もう十分なほどに、浩紀の目や脳内を満たしていた。
これ以上、視界に入れてしまったら、どうなってしまうことやら……。
「ね、こっち見てよ。ねえぇ、浩紀ー」
夏芽先輩は少々意味深な口調でかつ、男心を擽るかのように、誘惑染みた言い方をしてくる。
浩紀は頑なに、振り返ることはしなかった。
ここは真面目に、掃除するに限る。
そう自身の心に念じ、クソ真面目な態度で、ブラシを使って掃除を続けた。
「じゃ、これなんかどう?」
夏芽先輩の気配が背後から消えた。
そんな気がする。
床を見ながら掃除をしていたことで、周辺で何が起きているか不明だが、何となく、先輩がどこかへ移動したような感じがしたのだ。
「これなら、ちゃんと見える感じ?」
先輩の気配を前から感じた。
嫌な予感がするが、掃除を続けるために、一度正面を見やると、そこには水着姿の先輩がいたのだ。

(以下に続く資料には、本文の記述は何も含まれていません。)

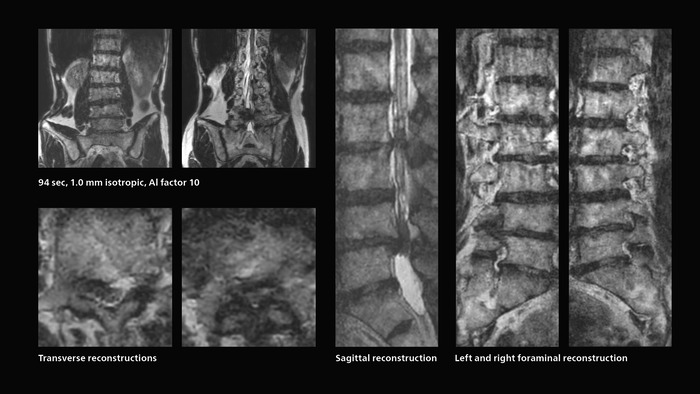 Fast lumbar spine MRI with SmartSpeed of a patient in pain produced a successful isotropic diagnostic scan in only 94 minutes.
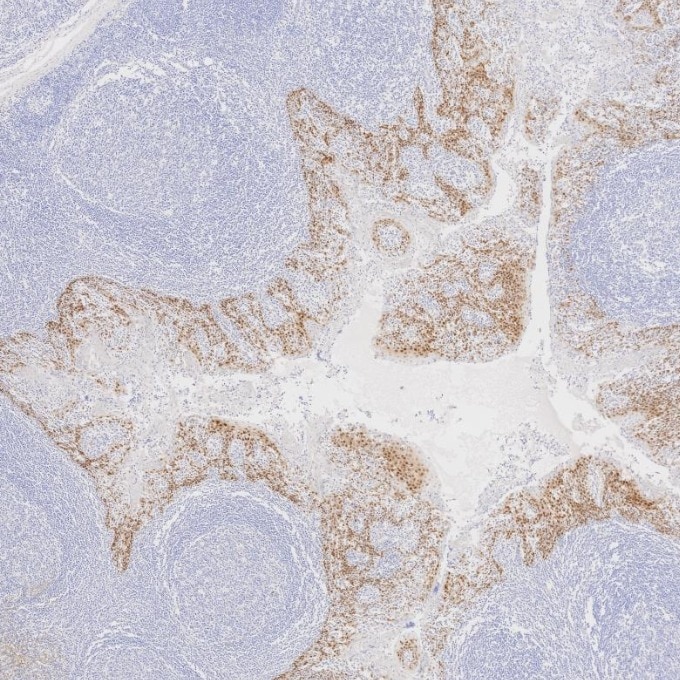 IHC staining of human tonsillitis using 66411-1-Ig Immunohistochemistry (IHC) staining of human tonsillitis tissue using SOX2 Monoclonal antibody (66411-1-Ig)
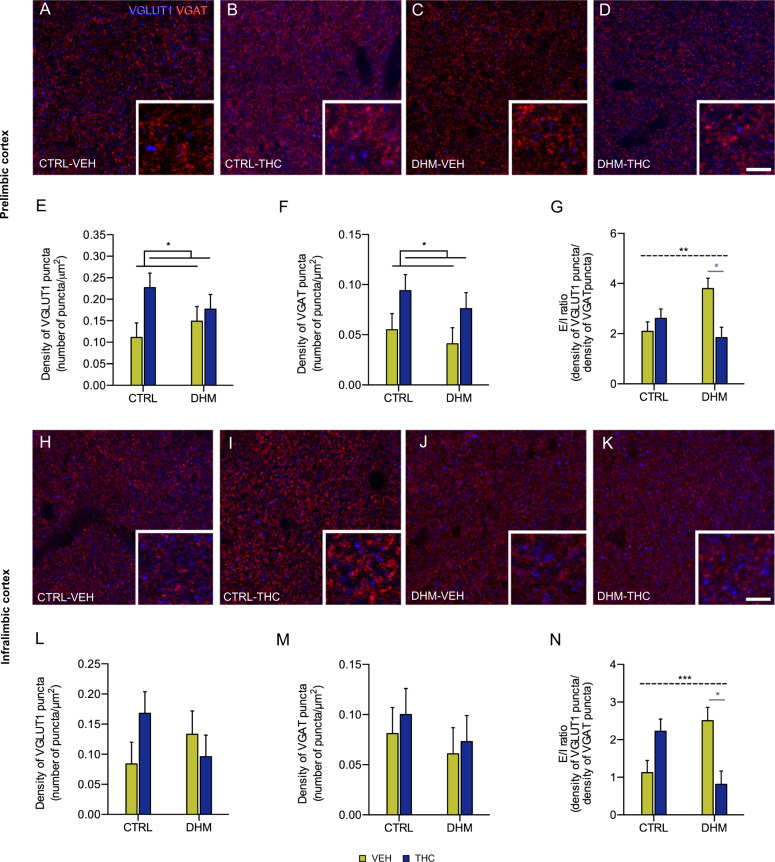 Analysis of markers of excitatory and inhibitory neurotransmission in prelimbic and infralimbic cortices.a–d Representative confocal images of excitatory (red, VGLUT1) and inhibitory (blue, VGAT) puncta in the neuropil of prelimbic cortex of CTRL and DHM animals after administration (VEH or THC). Scale bar: 10 and 3.3 μm for the detail. Graphs representing the density of VGLUT1 (e) and VGAT (f) immunoreactive puncta, and the E/I ratio [number of VGLUT1+ puncta/μm2]/[number of VGAT+ puncta/μm2] (g). e, f graphs show differences in VGLUT and VGAT expression due to THC administration after two-way ANOVA analysis. Horizontal lines in G represent interaction (black, dashed) after two-way ANOVA. Gray symbols and lines in graphs represent statistically significant differences among groups after post hoc. h–k Representative confocal images of excitatory (red, VGLUT1) and inhibitory (blue, VGAT) puncta in the neuropil of Infralimbic cortex of CTRL and DHM animals after administration (VEH or THC). Scale bar: 10 μm and 3.3 μm for the detail. Graphs representing the density of VGLUT1 (l) and VGAT (m) immunoreactive puncta, and the E/I ratio (n). Graphs show differences in the E/I ratio due to the interaction between model and administration after two-way ANOVA analysis p < 0.05 (*), p < 0.01 (**), p < 0.001 (***). Bars represent the mean ± S.E.M. n = 6 animals/group.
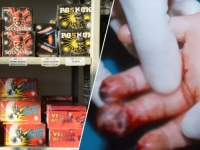 TRAGEDIJA U SUSJEDSTVU: Dječak zbog petarde izgubio vid, zadobio opekotine i višestruke prelome šake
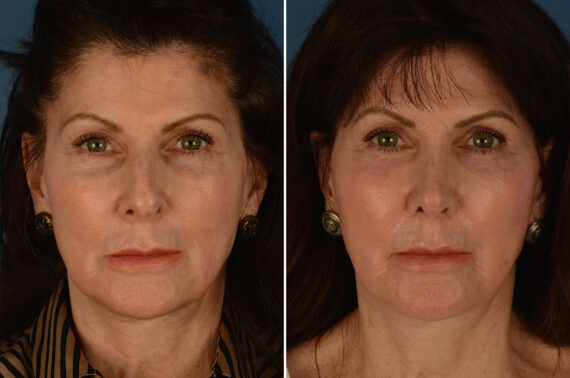 Rhinoplasty Before and After Photos in Naples, FL, Patient 25874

この前の休日見た紐付きの水着……ではなかったのである。
それはマイクロビキニと呼ばれるもので、ほぼ全裸に近いスタイル。
大事な部分だけは、ギリギリ見えない感じではあるが、まじまじと見たら、見えてしまうかもしれないレベルだ。
夏芽先輩のスタイルの良さが際立ち、グラビア顔負けの美少女が、そこに佇んでいるかのよう。
「――ッ⁉」
浩紀は絶句した。
あまりの衝撃的なスタイルに声を失ったのである。
まさか、この前の紐付き水着だと思っていたからこそ、その衝撃具合が半端なものではなかった。
やはり、夏芽先輩のおっぱいは凄い。
それしか考えられなかった。
浩紀は気まずくなり。そして、俯き、頬を紅潮させるのである。